Di sudut Dusun Sombron, terdapat sebuah sumber mata air yang tak hanya menjadi penopang kehidupan, tetapi juga menyimpan legenda turun-temurun. Sumber itu adalah Kali Manggis, sebuah aliran air yang menurut cerita rakyat, tercipta berkat kesaktian seorang tokoh bernama Ki Sokolono.
Legenda Ki Sokolono dan Air Rasa Manggis
Menurut kisah yang berkembang di masyarakat, Ki Sokolono adalah seorang sakti yang memiliki hubungan erat dengan alam. Pada suatu masa, saat warga mengalami kesulitan mendapatkan air, ia menancapkan tongkatnya ke tanah. Ajaibnya, dari tempat itu keluar mata air yang jernih dan melimpah.
Keunikan lainnya, air yang keluar dari sumber tersebut konon memiliki rasa manis, mirip dengan buah manggis. Karena itulah, masyarakat setempat menyebutnya sebagai Kali Manggis—sebuah nama yang bertahan hingga kini. Seiring waktu, sumber air ini menjadi bagian penting dalam kehidupan warga, baik untuk pertanian maupun keperluan sehari-hari.

Ritus Sumber Mata Air: Sakral dan Penuh Makna
Tak sekadar sumber air biasa, Kali Manggis juga memiliki peran spiritual dalam budaya masyarakat Sombron. Sebelum seseorang berziarah ke Punden Nyi Sombron—makam tokoh yang namanya diabadikan sebagai nama dusun—mereka akan membersihkan diri terlebih dahulu di Kali Manggis. Ritual ini bukan hanya sebatas membersihkan tubuh, tetapi juga simbol pembersihan jiwa sebelum berdoa dan memohon berkah di punden.
Selain itu, setiap tahun masyarakat mengadakan sebuah ritus sumber mata air di Kali Manggis sebagai bentuk penghormatan kepada leluhur dan ungkapan rasa syukur atas keberlangsungan sumber air ini. Dalam upacara tersebut, warga berkumpul, berdoa, serta melakukan ritual adat yang dipimpin oleh tokoh masyarakat atau sesepuh dusun.
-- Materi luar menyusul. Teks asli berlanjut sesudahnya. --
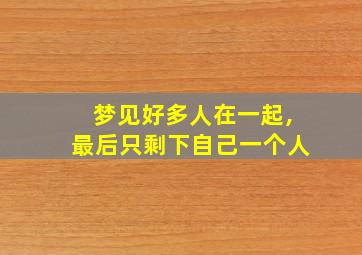 梦见好多人在一起,最后只剩下自己一个人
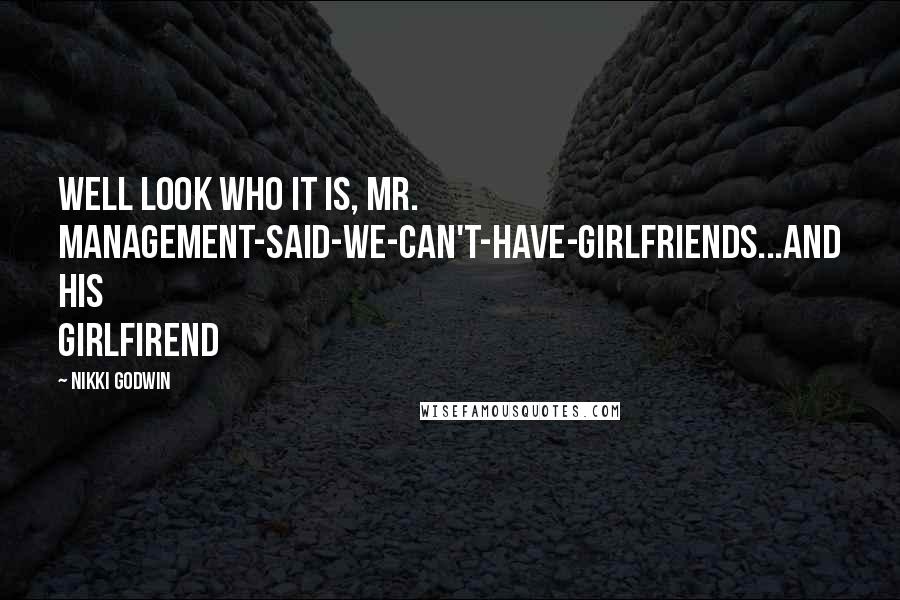 Nikki Godwin Quotes: Well look who it is, Mr. Management-said-we-can't-have-girlfriends...and his girlfirend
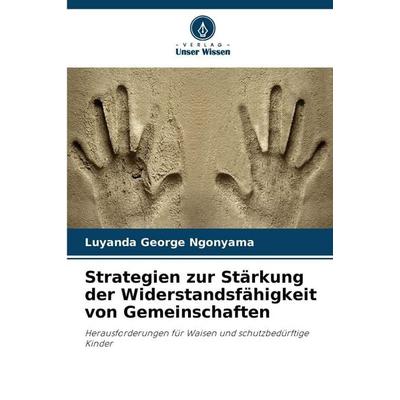 Strategien zur Stärkung der Widerstandsfähigkeit von Gemeinschaften, Taschenbuch von Luyanda George Ngonyama, Verlag Unser Wissen, 978-620-9-98461-7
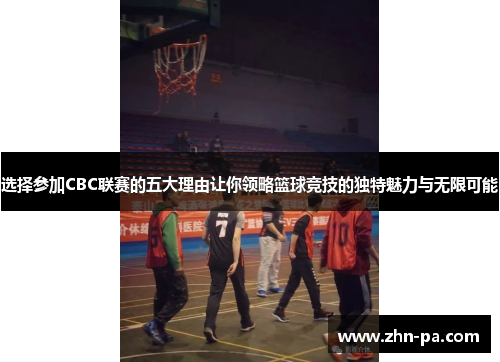 选择参加CBC联赛的五大理由让你领略篮球竞技的独特魅力与无限可能
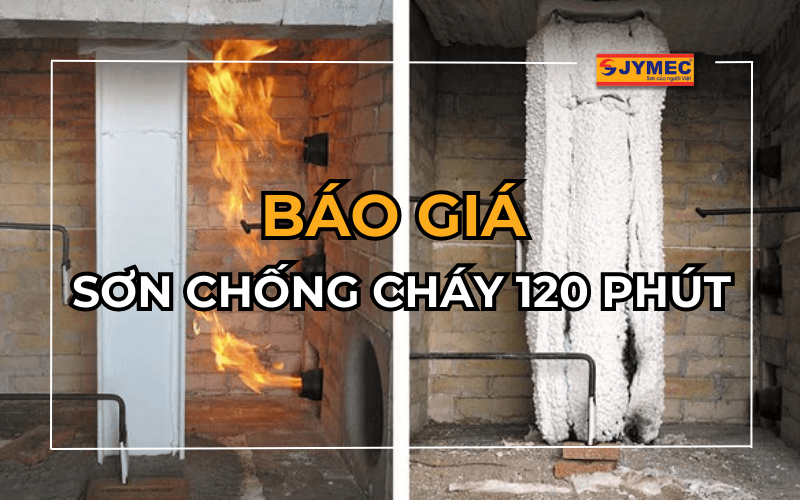 Tìm hiểu ngay giá sơn chống cháy 120 phút hiện nay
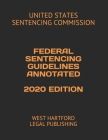 Federal Sentencing Guidelines Annotated 2020 Edition: West Hartford Legal Publishing By West Hartford Legal Publishing, United States Sentencing Commission Cover Image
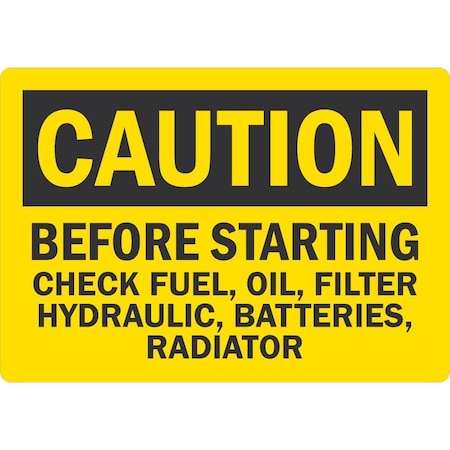 Lyle Before Starting Check Fuel, Oil, Filter, Hydraulic, , 5x3.5, Engineer Grade, Yellow G-16714-ED_5x3.5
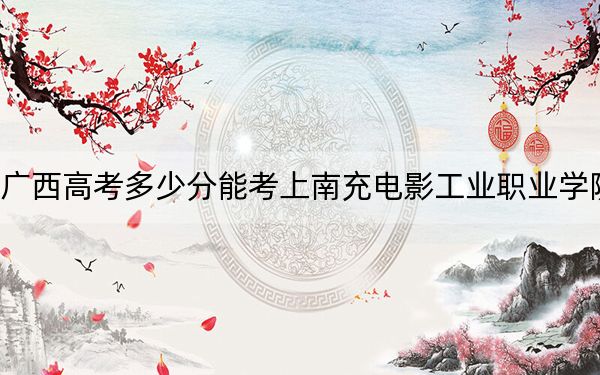 广西高考多少分能考上南充电影工业职业学院？附2022-2024年最低录取分数线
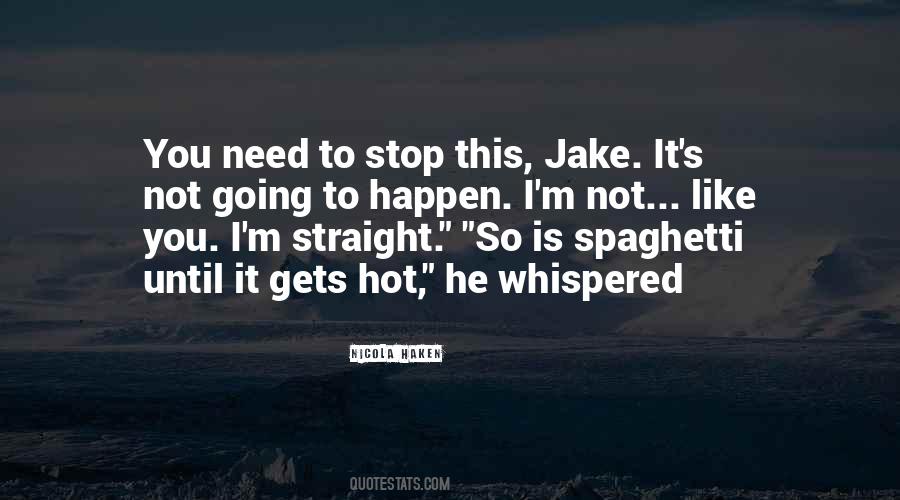 Quotes About Jake #1383659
Menjaga Warisan Alam dan Budaya
Hingga kini, Kali Manggis tetap menjadi bagian tak terpisahkan dari kehidupan warga Sombron. Di tengah perubahan zaman, sumber air ini tetap lestari dan dijaga dengan baik agar manfaatnya dapat terus dirasakan oleh generasi mendatang.
Lebih dari sekadar legenda, Kali Manggis adalah simbol kearifan lokal, di mana alam dan manusia hidup berdampingan dalam harmoni. Ritus sumber mata air ini bukan hanya ritual adat, tetapi juga bentuk penghormatan kepada alam dan leluhur—sebuah warisan budaya yang terus mengalir, sama seperti jernihnya air Kali Manggis.